Все это, несомненно, важно, но я не об этом.
Нет, я не об этом обязан напомнить.
Не за этим меня посылали.
Я говорю:
ты
готов
к невероятному счастью?
Вопрос ангела о невероятном счастье – действительно тревожный, потому что христианскую готовность в первую очередь обычно связывают не с этим. Христианская готовность – это готовность к призванию, к долгу, к серьезным этическим вещам; а готовность к невероятному счастью – это что-то очень факультативное. Но вдруг оказывается, что это единственный неотменимый вопрос ангела к человеку, вопрос, от ответа на который при этом можно всегда уйти. Странным образом современный человек готов защищать очень разные вещи – экологию, чьи-либо права, еще что-либо, – но совсем не готов защищать счастье и красоту, потому что это что-то уже совсем дополнительное.

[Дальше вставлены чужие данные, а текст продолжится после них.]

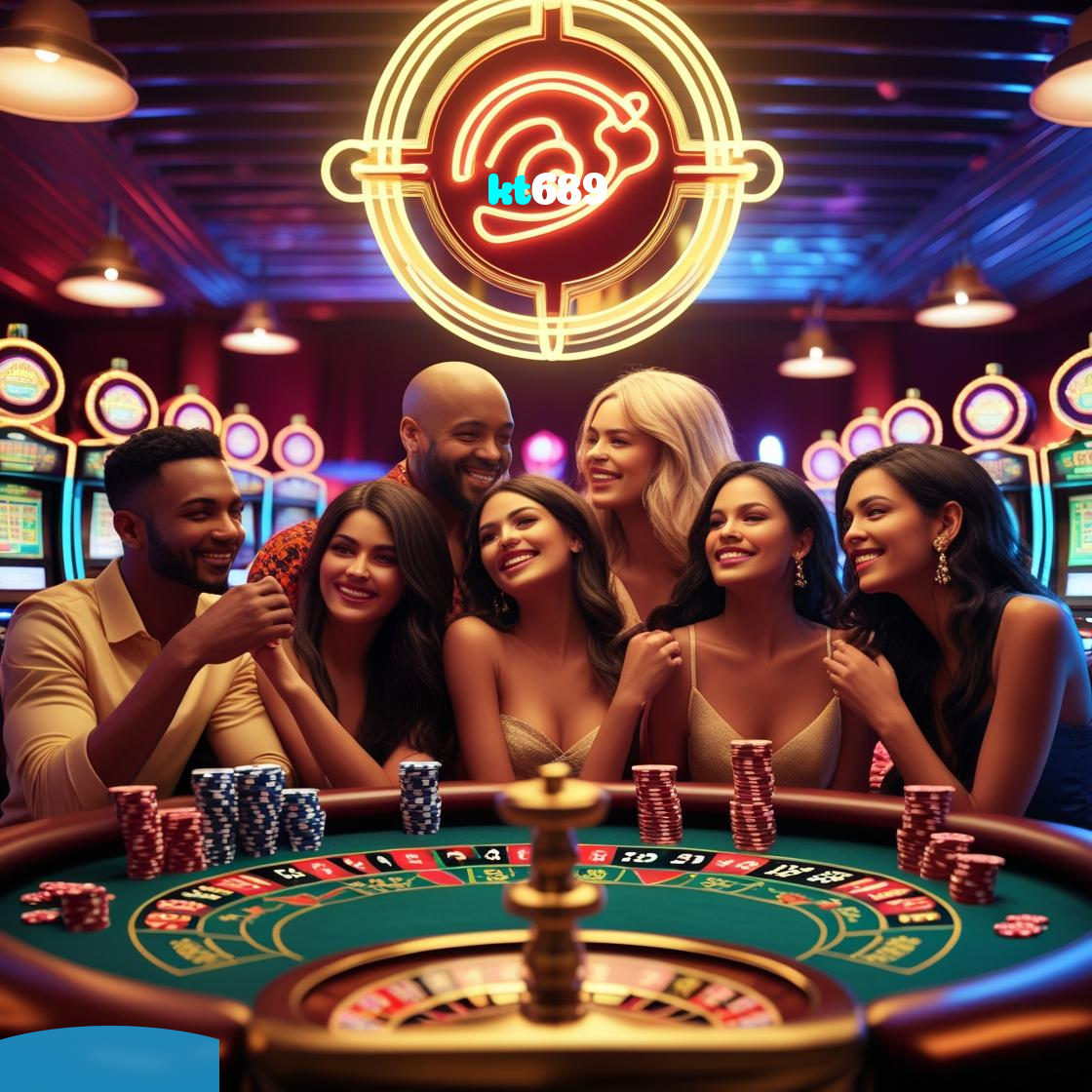 kt689:Jogue nas melhores slots e conquiste prêmios incrÃveis!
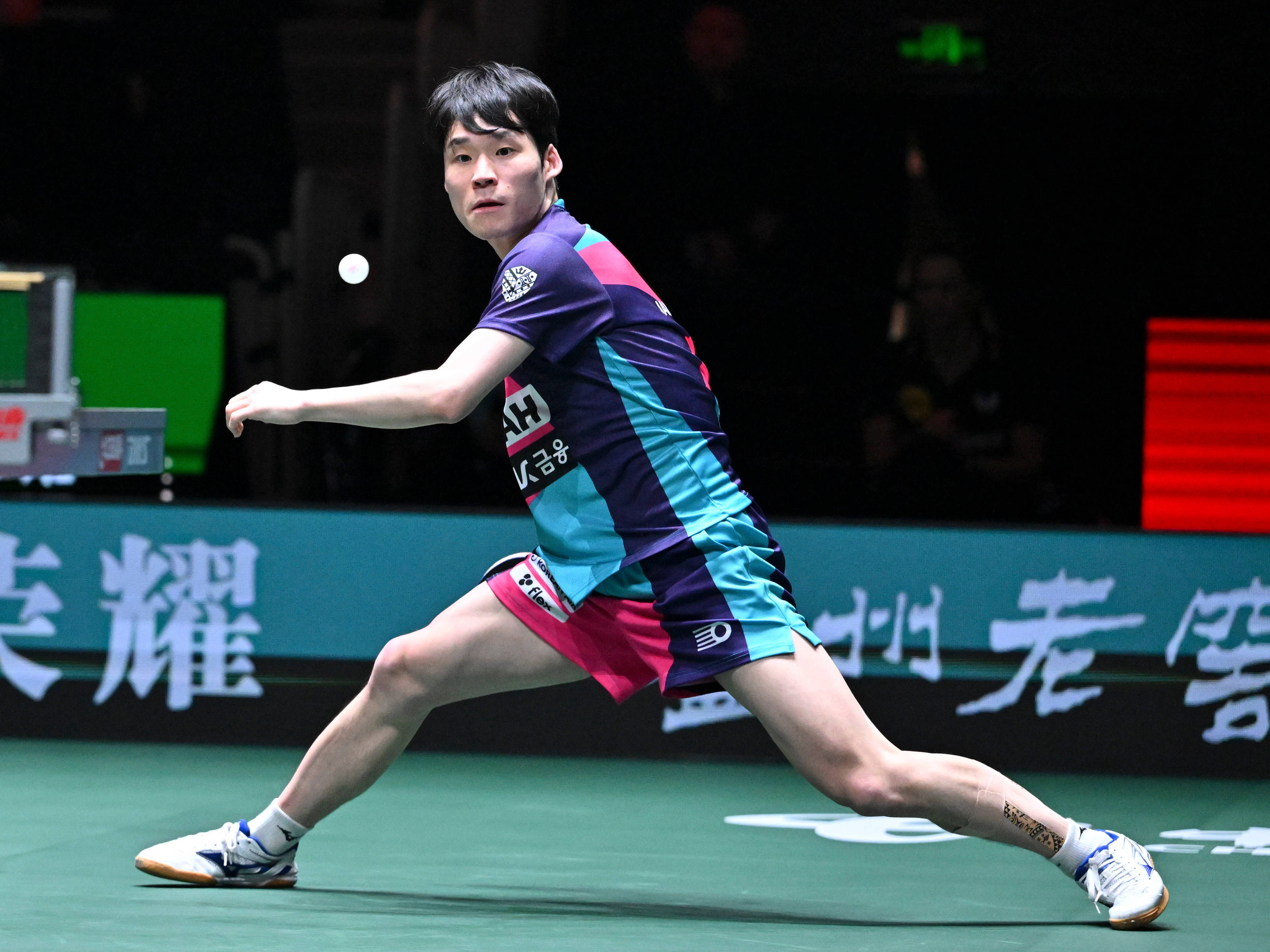 挪威足球_乒乓球混合团体世界杯｜德国队获得铜牌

Однако форма живого творческого богословия такова, что если богословие в качестве чего-то определяющего, созидающего и может вернуться в современное гуманитарное академическое пространство – среди того форума наук, искусств и практик, которые представляет современная культура, – то прежде всего в качестве «защитницы» красоты. Дальше мы разберем это мое утверждение подробнее.
Вернемся к кролику и утке. Вообще эта картинка весьма тревожная. Ведь мы часто думаем, что способны видеть мир просто таким, какой он есть, а любой другой человек, который видит этот мир не так, вызывает тревогу. Но каждый раз, когда нам кажется, что мы видим мир таким, какой он есть, эта картинка напоминает нам, что все-таки это наше видение, наш «кролик». А у кого-то другого – «утка».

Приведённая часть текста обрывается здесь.